Most of us go about our lives thinking that death is a stranger we will only encounter once in our lives, that it will not suddenly sneak into our homes and steal away our loved ones. But, through the poetry and mourning songs of rural Egyptian women (also known as al ‘adid), death exists outside of time and beyond the moment of loss.

It lives among us as though it had always been there, simply waiting to be noticed.

To reflect on death, and to connect with those who have already passed while still moving through the routines of everyday life, is an act that few can easily carry out. It is difficult, and maybe even unreasonable, to choose to understand what lies beneath the ground instead of what stands before you.

Yet for Egyptians, speaking to the dead can be as familiar as speaking to the living.
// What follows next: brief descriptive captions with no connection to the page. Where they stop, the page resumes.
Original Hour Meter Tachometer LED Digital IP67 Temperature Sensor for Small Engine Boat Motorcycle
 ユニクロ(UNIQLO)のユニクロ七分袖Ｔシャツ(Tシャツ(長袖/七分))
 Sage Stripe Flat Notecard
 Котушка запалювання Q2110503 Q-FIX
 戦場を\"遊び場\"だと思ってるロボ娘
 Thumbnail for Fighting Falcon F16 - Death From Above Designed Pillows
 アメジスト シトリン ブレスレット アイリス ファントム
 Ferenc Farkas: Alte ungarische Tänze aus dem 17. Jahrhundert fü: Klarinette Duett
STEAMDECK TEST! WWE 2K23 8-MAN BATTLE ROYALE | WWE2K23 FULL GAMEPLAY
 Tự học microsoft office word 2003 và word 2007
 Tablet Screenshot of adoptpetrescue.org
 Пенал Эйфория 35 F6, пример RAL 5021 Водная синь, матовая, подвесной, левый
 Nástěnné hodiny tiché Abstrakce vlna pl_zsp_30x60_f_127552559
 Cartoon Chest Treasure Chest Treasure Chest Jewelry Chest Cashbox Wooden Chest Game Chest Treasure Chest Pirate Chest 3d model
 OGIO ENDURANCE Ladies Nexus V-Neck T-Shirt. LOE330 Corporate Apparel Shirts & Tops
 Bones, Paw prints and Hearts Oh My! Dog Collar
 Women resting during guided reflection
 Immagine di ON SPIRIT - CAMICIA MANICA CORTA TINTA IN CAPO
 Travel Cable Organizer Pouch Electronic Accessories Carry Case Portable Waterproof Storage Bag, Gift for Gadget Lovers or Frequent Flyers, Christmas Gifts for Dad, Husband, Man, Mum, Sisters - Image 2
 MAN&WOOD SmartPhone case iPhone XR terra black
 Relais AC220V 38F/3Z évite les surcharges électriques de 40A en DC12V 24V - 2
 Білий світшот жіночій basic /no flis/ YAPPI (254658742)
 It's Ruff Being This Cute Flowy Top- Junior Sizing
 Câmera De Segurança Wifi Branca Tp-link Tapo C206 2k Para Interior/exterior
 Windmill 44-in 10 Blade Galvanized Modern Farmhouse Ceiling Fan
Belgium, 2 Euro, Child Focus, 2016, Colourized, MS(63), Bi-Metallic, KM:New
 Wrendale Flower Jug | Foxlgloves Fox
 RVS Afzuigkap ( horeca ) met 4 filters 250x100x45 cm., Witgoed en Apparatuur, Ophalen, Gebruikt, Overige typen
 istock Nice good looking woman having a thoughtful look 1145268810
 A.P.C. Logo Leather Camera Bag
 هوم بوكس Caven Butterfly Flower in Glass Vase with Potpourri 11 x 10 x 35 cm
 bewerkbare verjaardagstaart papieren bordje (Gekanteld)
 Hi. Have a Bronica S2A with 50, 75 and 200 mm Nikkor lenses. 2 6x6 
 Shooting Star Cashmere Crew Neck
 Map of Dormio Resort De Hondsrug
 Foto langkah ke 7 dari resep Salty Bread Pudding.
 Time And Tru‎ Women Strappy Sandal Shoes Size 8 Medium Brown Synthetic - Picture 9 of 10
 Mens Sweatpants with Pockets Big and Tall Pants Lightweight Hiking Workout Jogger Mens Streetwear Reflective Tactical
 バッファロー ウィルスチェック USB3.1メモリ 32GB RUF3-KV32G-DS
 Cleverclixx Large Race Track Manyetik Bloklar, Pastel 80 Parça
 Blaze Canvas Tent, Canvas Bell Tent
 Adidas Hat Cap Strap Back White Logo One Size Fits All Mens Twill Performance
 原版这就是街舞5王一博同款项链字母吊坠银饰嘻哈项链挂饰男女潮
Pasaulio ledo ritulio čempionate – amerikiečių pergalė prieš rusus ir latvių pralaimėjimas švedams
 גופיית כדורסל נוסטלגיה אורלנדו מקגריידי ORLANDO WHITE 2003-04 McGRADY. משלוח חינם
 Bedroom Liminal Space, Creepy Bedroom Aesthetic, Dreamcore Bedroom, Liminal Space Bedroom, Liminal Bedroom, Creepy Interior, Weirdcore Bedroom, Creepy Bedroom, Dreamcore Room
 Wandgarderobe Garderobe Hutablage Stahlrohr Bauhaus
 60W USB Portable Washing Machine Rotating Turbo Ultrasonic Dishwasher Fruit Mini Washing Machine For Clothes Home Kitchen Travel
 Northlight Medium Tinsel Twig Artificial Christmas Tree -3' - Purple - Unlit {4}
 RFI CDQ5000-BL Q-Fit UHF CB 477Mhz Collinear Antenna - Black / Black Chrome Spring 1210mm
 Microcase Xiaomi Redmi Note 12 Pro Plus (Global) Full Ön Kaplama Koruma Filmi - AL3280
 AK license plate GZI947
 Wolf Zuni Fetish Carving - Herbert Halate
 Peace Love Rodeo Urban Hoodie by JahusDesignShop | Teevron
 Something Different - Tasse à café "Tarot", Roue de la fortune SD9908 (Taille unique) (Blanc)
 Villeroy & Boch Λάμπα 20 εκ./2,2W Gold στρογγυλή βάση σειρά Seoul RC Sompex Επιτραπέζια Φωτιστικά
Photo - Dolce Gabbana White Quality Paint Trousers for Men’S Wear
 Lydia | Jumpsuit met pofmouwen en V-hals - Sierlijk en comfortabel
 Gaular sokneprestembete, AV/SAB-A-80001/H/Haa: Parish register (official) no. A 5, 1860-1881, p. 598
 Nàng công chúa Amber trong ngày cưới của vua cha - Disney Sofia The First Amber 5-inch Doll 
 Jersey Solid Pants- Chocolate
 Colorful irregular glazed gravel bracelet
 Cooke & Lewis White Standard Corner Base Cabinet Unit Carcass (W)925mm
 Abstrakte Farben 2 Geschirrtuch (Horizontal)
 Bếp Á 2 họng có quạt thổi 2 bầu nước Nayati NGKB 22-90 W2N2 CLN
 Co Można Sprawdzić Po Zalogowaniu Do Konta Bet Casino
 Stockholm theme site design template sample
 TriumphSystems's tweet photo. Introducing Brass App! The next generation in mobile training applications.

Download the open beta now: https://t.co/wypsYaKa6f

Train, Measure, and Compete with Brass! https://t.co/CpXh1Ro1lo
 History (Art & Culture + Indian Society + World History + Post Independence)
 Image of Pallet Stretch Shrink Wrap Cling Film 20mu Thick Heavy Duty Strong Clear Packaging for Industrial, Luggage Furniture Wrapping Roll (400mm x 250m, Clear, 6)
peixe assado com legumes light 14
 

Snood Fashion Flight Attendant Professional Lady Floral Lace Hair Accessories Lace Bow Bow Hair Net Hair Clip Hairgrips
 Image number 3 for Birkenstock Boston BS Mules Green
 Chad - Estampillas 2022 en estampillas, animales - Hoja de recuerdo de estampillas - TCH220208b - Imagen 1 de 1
Even in their deepest mourning, they reach into the underworld and draw life back out.

It has long been known throughout history that the ancient Egyptians never saw death as the end of life. Death was viewed as a journey, where individuals had to pass through different stages of judgment, with the ultimate aim of reaching paradise. Yet, art and death still entertained as professional female mourners were hired to mourn the deceased during the funerals, or processions to their tombs.

The perception of death has become so deeply rooted that it has even become a widely shared meme online, which goes: “The Egyptians believed the most important thing you could do in life was die.” To them, death marked the beginning of true life, and their entire life was built around the idea of coping with death.

Though what is less often talked about is how this ancient worldview also lives on in the poetry and mourning songs performed by Egyptian women in rural villages; a tradition that became part of the country’s folkloric heritage.

While the exact origin of these oral mourning songs remains unclear, the first documented mention of the tradition in Egypt dates back to the period between 1910 and 1914. During this time, French archaeologist Gaston Maspero recorded the songs in Arabic. Later, the tradition was revived by Egyptian researchers, who translated the commentary and republished the text.

The oral art practiced by rural Egyptian women was stigmatized, often dismissed, and at times even considered religiously forbidden. But, recent studies by researcher and professor Lamia Tewfik, along with others, have worked to bring renewed attention to this tradition, bringing a deeper understanding of its place within Egypt’s folkloric heritage.

Their research reveals how women have long used song and spoken word to honor life’s most significant moments, from marriage and childbirth to death. Poetry served as a gateway to the afterlife, a way to reach beyond the visible world and touch what exists on the other side of daily reality.

And in many ways, it was also a form of salvation, as each word wrapped around them like a protective veil, holding their grief in place.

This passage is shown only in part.